We have initiatives around direct selling in Brazil so we’ve been enhancing our Web site to support a direct selling model there. That means through the Internet you actually sell a vehicle and you have delivery through the dealership. We’ve made a major overhaul to the site…so a significant amount of vehicles will be sold through a direct selling model. That’s one of our bigger markets. We’re a Covisant user as an ASP model for the purchasing space. So we’re in the process of working with them for requests for quotes as a capability they’ll be supporting. We have smaller initiatives with them as well around catalog procurement. I’ve got a couple of data warehousing projects, one in the purchasing space and one in the order fulfillment space that we’re working on and I’m championing trying to get inside of GM more of a factory concept for how we deliver software — meaning standard work practices. We’re adopting the capability maturity model (CMM) and getting that deployed both through GM and…our IT suppliers, because you get a higher level of quality through your delivered solution and a shorter delivery time and a lower cost.
Q: Who do you report to and how large is your staff?
I report to Ralph Szygenda, GM Group VP, Chief Information Officer. I have 16 direct reports and a total of approximately 300 GMers in my organization.
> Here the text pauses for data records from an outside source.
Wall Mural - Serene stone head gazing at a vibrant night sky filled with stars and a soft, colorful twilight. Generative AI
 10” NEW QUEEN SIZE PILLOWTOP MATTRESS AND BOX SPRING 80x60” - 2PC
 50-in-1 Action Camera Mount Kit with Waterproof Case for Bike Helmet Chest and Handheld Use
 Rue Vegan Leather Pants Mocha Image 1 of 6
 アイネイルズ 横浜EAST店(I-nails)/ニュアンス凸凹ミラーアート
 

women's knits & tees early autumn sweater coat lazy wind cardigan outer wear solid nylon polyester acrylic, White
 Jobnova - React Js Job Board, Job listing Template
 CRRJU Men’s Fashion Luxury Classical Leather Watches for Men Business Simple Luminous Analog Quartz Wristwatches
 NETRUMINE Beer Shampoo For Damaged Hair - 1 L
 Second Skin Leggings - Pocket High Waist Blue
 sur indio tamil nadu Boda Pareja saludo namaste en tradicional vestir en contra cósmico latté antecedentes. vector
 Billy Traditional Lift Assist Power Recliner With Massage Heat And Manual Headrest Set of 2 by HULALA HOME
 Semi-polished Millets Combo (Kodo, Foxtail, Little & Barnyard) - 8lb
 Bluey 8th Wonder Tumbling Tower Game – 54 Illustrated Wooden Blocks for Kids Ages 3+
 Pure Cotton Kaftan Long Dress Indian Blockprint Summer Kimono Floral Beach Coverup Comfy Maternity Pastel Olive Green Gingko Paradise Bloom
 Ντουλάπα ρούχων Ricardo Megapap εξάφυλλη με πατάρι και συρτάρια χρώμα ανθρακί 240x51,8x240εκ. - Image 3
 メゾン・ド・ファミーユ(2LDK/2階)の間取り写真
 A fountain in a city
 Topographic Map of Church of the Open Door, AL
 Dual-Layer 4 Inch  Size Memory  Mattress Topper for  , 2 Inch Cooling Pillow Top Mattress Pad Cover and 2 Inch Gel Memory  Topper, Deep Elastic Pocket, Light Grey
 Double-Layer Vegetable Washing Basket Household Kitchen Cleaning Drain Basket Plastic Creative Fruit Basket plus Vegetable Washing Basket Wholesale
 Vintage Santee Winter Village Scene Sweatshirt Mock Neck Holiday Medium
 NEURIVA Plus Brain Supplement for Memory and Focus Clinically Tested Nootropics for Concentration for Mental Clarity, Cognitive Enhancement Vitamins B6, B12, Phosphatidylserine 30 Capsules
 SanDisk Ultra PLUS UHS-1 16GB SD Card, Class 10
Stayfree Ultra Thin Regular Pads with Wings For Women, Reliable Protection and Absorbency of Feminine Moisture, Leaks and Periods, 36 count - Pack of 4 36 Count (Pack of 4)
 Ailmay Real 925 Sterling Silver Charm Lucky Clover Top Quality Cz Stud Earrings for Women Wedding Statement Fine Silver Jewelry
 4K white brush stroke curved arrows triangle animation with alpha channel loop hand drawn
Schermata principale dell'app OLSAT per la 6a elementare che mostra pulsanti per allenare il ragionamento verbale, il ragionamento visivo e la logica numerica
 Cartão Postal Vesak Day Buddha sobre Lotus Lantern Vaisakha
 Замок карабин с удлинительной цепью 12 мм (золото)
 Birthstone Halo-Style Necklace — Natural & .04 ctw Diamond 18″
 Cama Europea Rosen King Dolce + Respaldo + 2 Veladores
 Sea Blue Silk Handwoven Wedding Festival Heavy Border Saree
Q: Which of your skills has served you best in managing IT?
I would say relationship management. I have to form a partnership with my business customers in order to effect change and have technology enabled to change. GM is very matrixed so I have to have relationships with my peers. Nothing stands alone. From a business process standpoint I’m generally in someone else’s space and third, the people who work for me, it’s important that they see the vision and have a passion around what we do and a lot of that is [based on] the relationship I have with them. A big point I’ve found is if you get people working together then the impossible can get done. It also doesn’t hurt to have some technology skills as well.
Q: What is your proudest professional achievement?
As CIO Of GM Europe, I was able to do a “turn-around” in four months. I established a good working relationship with the business, built an IT team who changed from skeptical about what could be done to excited about the possibilities. I filled several key IT positions and reduced operating costs to acceptable levels.
Q: What keeps you awake at night?
Getting better at project delivery to the GM businesses — cheaper, better, faster.
Q. What do you do in your spare time?
Read, both fun and work-related books. The latest books I have read are “Fish! Tales: Real-Life Stories to Help You Transform Your Workplace and Your Life”; “First, Break All the Rules: What the World’s Greatest Managers Do Differently”; and “Last Man Standing.” I also enjoy traveling to visit friends and family and I like to take long walks with my dog.